8.2 PAYMENT AND APPLICATION OF INSURANCE PROCEEDS
Insurance proceeds payable with respect to damage to or
destruction of any Mortgaged Property or the Improvements related thereto,
including damage by earthquake, if in effect, shall be applied in accordance
with the terms of the applicable Mortgage. All other insurance proceeds shall be
payable in accordance with the provisions of the applicable policy.
8.3. EARTHQUAKE INSURANCE
Borrower shall maintain at all times or cause to be maintained
for its benefit with a Qualified Insurance Company, a blanket policy of
insurance insuring all of the Mortgaged Properties against damage by earthquake
in an aggregate insured amount not less than $22,300,000 and having a deductible
of not more than five percent (5%) per unit of earthquake insurance subject to a
$100,000 minimum (a unit being defined as each individual building on each
Mortgaged Property).

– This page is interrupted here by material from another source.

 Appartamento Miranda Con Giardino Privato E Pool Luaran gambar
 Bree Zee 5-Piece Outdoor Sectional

Such earthquake insurance shall otherwise comply with the
requirements of SECTION 1.7.3 of the Mortgage.
9. SECURITIZATION
9.1. SECURITIZATION
Borrower shall use commercially reasonable best efforts to
cooperate with Lender in its activities in connection with the sale of the Loan
as a whole loan or any securitization of the Loan (the "SECURITIZATION"),
including obtaining ratings by the Rating Agencies in accordance with the terms
hereof and in accordance with the Cooperation Agreement. The Securitization will
involve the issuance of rated single- or multi-class securities secured by or
evidencing ownership interests in the Loan Documents (the "CERTIFICATES").

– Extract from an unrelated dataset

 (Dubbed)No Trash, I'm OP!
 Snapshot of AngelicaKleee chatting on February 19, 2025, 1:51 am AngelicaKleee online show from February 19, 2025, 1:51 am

Borrower acknowledges and agrees that, in connection with the Securitization,
(a) this Agreement, the Mortgage Note, the Security Documents and the other Loan
Documents may be assigned, pursuant to the assignment, to a trustee (the
"TRUSTEE"), as trustee under a pooling and servicing agreement (the "POOLING AND
SERVICING AGREEMENT") in form substantially similar to those commonly used in
rated commercial mortgage-backed securities offerings and (b) pursuant to the
Pooling and Servicing Agreement, a professional loan servicer of recognized
standing (the "SERVICER") would be appointed to service the Loan, this Agreement
and the Loan Documents as provided therein. The addresses of the Trustee and the
Servicer will be provided to Borrower in writing before the Securitization is
consummated. Upon such assignment, the Trustee shall for all purposes be the
sole Lender hereunder and the sole mortgagee or beneficiary under the Mortgage
(and all references herein to the "Lender" shall be deemed to refer to the
Trustee) and shall, together with the Servicer, among other things, (i) have the
sole and exclusive benefit of and the right and power to exercise, or to direct
the exercise of, all the rights and remedies of Lender hereunder and under the
Security Documents, including the right to inspect the Collateral, to receive
notices and financial
-63-
71
information, to grant or withhold consents or approvals, to benefit from
indemnities, to receive, hold and apply proceeds or any other amount or property
provided by Borrower hereunder, and, upon the occurrence and during the
continuation of an Event of Default, to take any action required or permitted of
Lender with respect thereto, all in the Trustee's own name, and to exercise all
other rights and remedies of Lender hereunder and under the Security Documents,
and (ii) be bound by all the terms hereof which apply to Lender. Borrower hereby
acknowledges the foregoing and agrees to be bound to the Trustee, upon such
assignment, recognizing the Trustee as Lender hereunder as if the Trustee were
named in this Agreement as Lender, recognizing that the Servicer shall be
entitled to act on behalf of the Trustee and the Holders under and as provided
in the Pooling and Servicing Agreement and shall be entitled to and shall
receive all notices, financial and other information, agreements and other
documents to be delivered to Lender or the Trustee hereunder or under any of the
other Loan Documents and accepting and agreeing to all of the terms reasonably
set forth in the Pooling and Servicing Agreement and the exhibits thereto, all
of which shall be secured under the Security Documents. Upon such assignment,
Borrower's obligations to Lender specified in this Agreement shall be satisfied
by Borrower's tendering full and timely payment or performance thereof to the
Trustee or, if directed by the Trustee, to the Servicer. With respect to the
delivery of documents and other written material, the Trustee and the Servicer
shall have only the obligations expressly required of Lender herein or in the
other Loan Documents or of the Trustee or the Servicer in the Pooling and
Servicing Agreement. All rights and remedies of the Trustee as Lender hereunder,
including all indemnities running to Lender, shall also operate for the benefit
of the Servicer and the Holders, as provided in the Pooling and Servicing
Agreement, and shall be exercised by the Trustee and the Servicer in accordance
with and subject to the terms and conditions set forth in the Pooling and
Servicing Agreement. Borrower acknowledges and agrees that, until Borrower has
received notice from the Trustee to the contrary, and subject to the terms and
conditions set forth in the Pooling and Servicing Agreement to the contrary, all
deliveries and notifications to be made by Borrower to the Trustee, as Lender,
pursuant to this Agreement or any other Loan Document shall be made to the
Servicer only and not to the Trustee.
Borrower will cooperate with Lender to retain the Rating Agencies
to provide rating surveillance services on any Certificates issued in a
Securitization. Such rating surveillance shall be at the expense of Borrower.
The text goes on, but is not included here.